■ **Short web captions**
━━━━━━━━━━━━━━━━━━━━
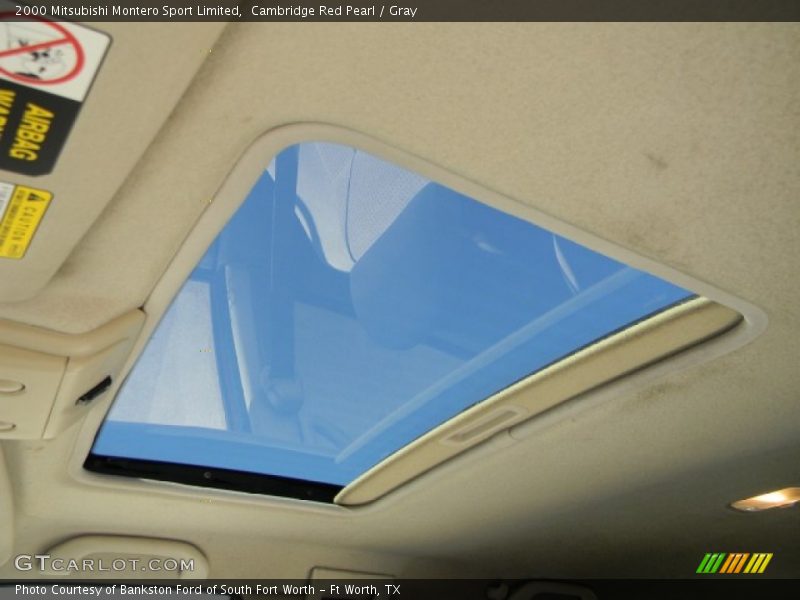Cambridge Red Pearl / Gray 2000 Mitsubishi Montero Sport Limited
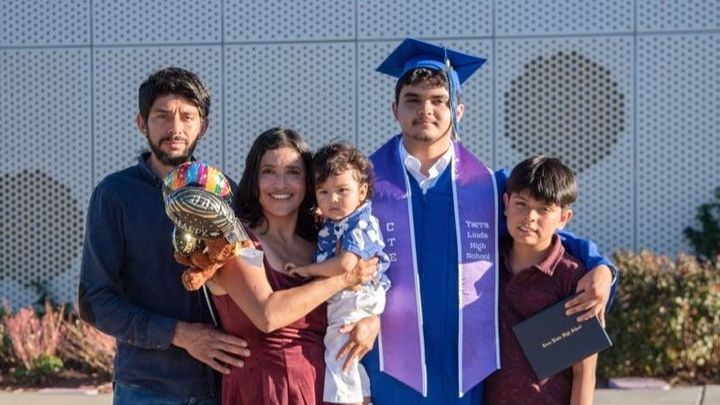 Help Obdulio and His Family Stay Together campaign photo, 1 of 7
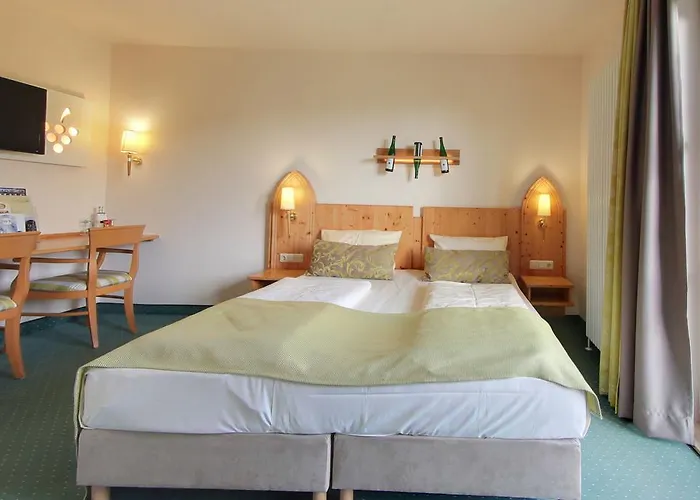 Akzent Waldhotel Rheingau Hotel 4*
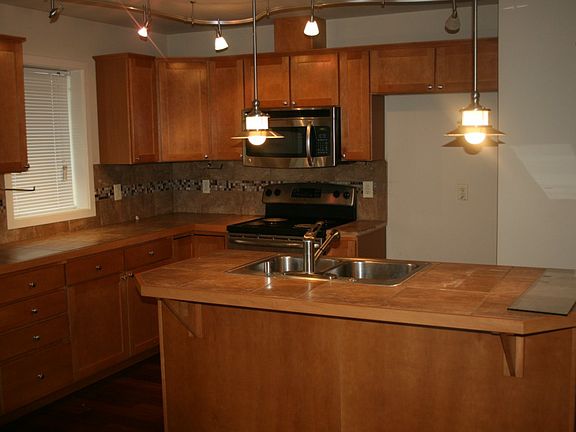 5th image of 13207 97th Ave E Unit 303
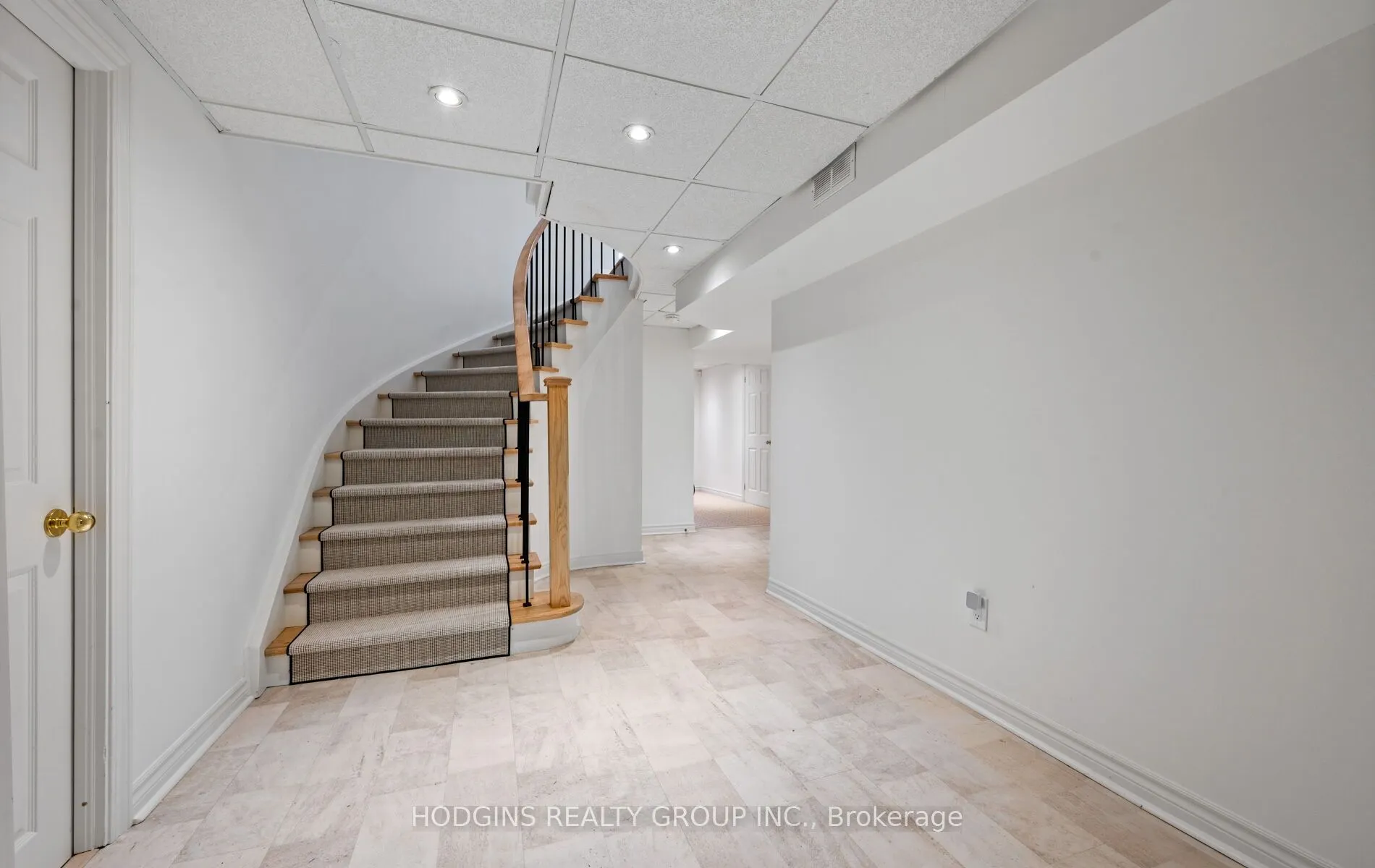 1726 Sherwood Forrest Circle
━━━━━━━━━━━━━━━━━━━━
An exact copy of the lines from the one with "Akzent Waldhotel Rheingau Hotel 4*" through the end of the records: produce that and nothing more, leaving out the pictures.

 Akzent Waldhotel Rheingau Hotel 4*
 5th image of 13207 97th Ave E Unit 303
 1726 Sherwood Forrest Circle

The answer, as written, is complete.